Я получал в первом семестре стипендию только как школьный круглый отличник, поступавший без экзаменов. Остальные — только по результатам вступительных экзаменов. Первый же «хвост» не сданного экзамена или зачета — и прощай, стипендия (а 200 р. за обучение — вынь и положь!). Тот же «хвост», дотянувшийся до следующей сессии — и прощай, институт (вместе с деньгами, внесенными за обучение).

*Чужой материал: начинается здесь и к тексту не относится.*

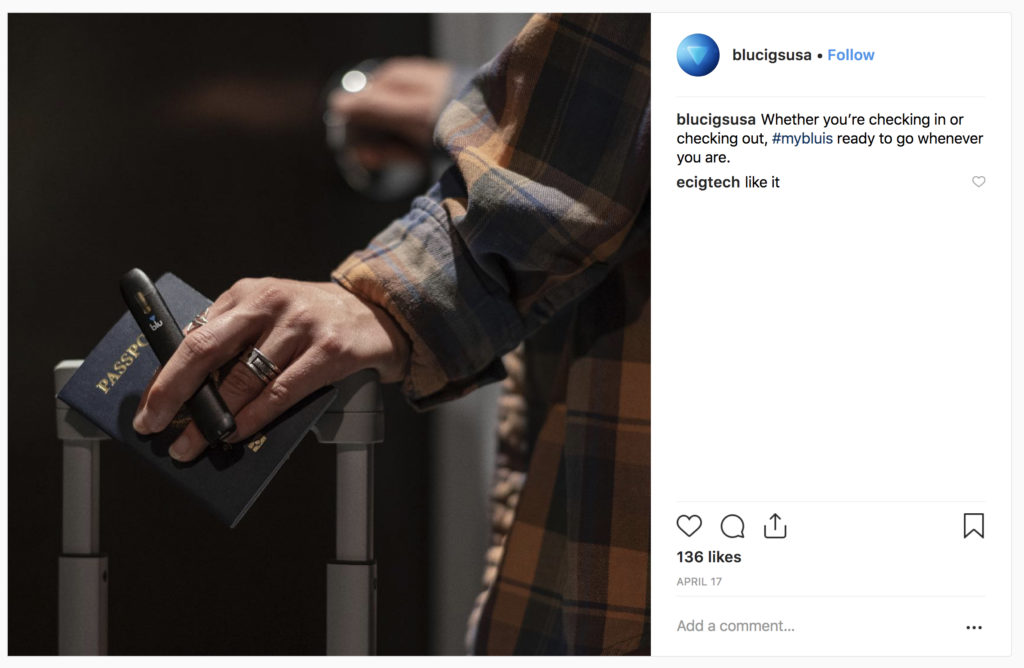 myblu Instagram – img38322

Но деньги — черт с ними. Вопрос: куда переходить? Существовало всего несколько технических вузов, которые давали бронь. Поступать куда-то еще — значило максимум через неделю оказаться в казарме. Для меня, как было убедительно предсказано в новозлатоустовском райвоенкомате, скорее всего — в стройбате. Чтобы не напоминать лишний раз о трупах стройбатовцев на улицах Уржумки зимой 41–42-го, скажу, что и в 1944-м достаточно насмотрелся в Москве на колонны стройбатовцев, наших заключенных и пленных немцев, с которыми мы, студенты, совместно сооружали сохранившиеся доселе двухэтажные домишки на Хорошевском шоссе. Разница между нашими коллегами в трех перечисленных колоннах была несущественна: примерно один и тот же труд (рабский), одно и то же питание (на грани голодной смерти), один и тот же быт (нары в хлеву). И даже одна и та же оплеуха за одни и те же провинности.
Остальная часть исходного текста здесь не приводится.